第54話 とある少女の失恋の向かう先

 少女はある時、願いをかなえる本を手に入れる。

 本当に必要な時に開きなさい、と言われた。


 バカバカしい。

 そんな都合の良い話、あるわけがない。


 けれども、少しだけ気になり、その本を開いてみようと試みた。

 各ページを接着剤で固めたように、開かない。


 ガッカリした少女だが、捨てる気にも、返す気にもならず、寮にある自分の部屋の鍵がかかる引き出しの奥に放り込んだ。




 ベルス女学校は、周囲から隔離された学園都市。

 女だけの空間では色々あるが、他のグループの縄張りに迷い込まなければ、そこまでの面倒事はない。
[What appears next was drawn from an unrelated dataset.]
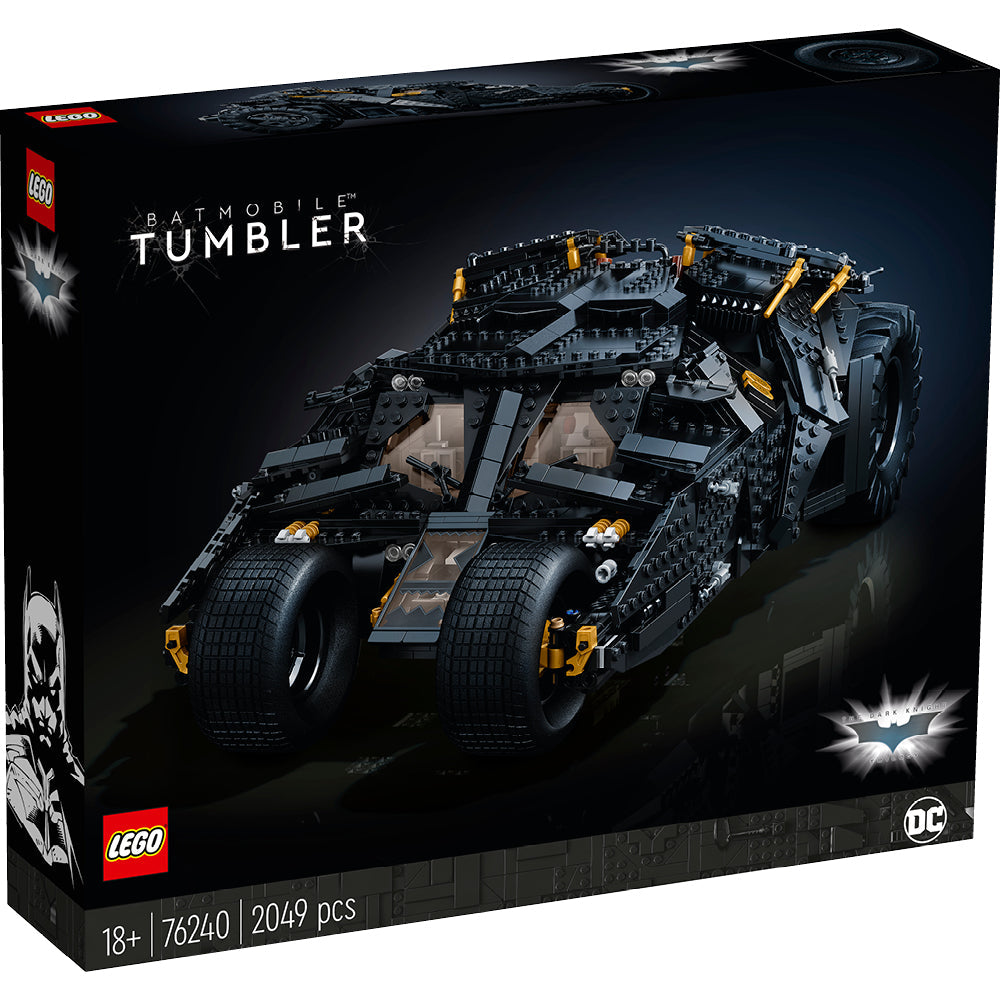 LEGO? DC Batman? Batmobile? Tumbler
 逆に言えば、どこへ行っても、教職員に監視されているのだが……。



 ある日、少女は運命を感じた。


 男がいない、ベルス女学校。

 そこでは、修道女のような生活が待っていると思っていた。

 しかし、全く期待をしていなかった交流会の出会いで、まさか自分が夢中になるとは……。
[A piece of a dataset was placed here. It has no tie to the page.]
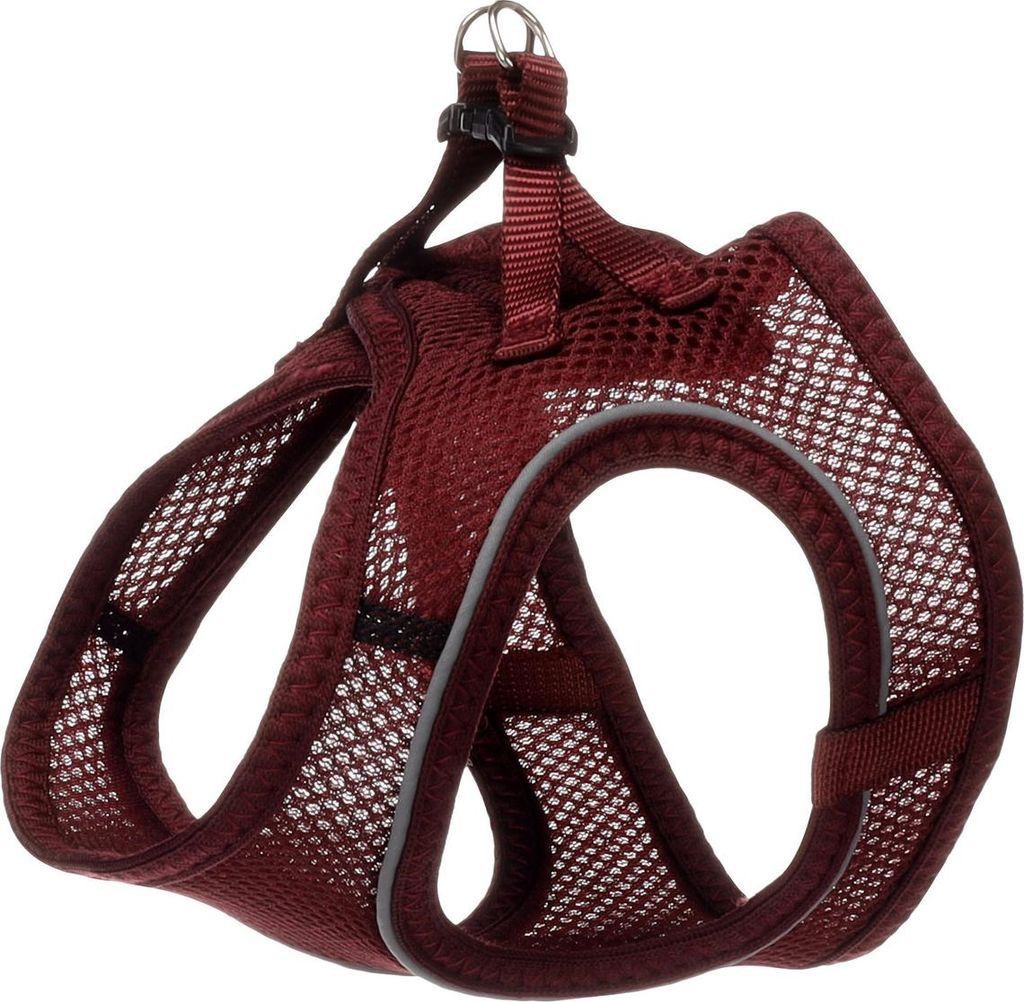 Flamingo Katzen Geschirr Step & Go Berta aubergine, Größe: M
 これまで、自分が男に好かれる努力をしてこなかったのが、悔やまれる。

 でも、きちんと話せたし、手応えもあった。


 自分なりにアプローチをしたことで、きっと夜の特別交流会に呼んでもらえる。

 そう、思っていた。


 だが、現実には少女は選ばれず、他の女子が夜を過ごしたのだ。


 翌朝、友人に囲まれる女子生徒を見て、少女も祝福した。


 気づかれなかっただろうか?

 自分の声は、震えていなかっただろうか?


 少女は彼を見ることができず、話しかけられても、その場を立ち去るのみ。

 結局、それ以降に一言も話すことなく、交流会を終えた。




 辛いことは、時が忘れさせてくれる、と言う。

 けれども、少女は、まだ苦しんでいた。

 他の男子を見ても、どこかに彼の面影を探してしまう。


 少女は、魔法師マギクスとしての修練に打ち込んだ。

 何もしなければ、余計に考えてしまうから……。


 幸いにも、訓練をしようと思えば、いくらでも行える環境だ。


 各魔法のコントロールと、模擬戦。

 相手を仕留める軍隊格闘技、逮捕術などの技術。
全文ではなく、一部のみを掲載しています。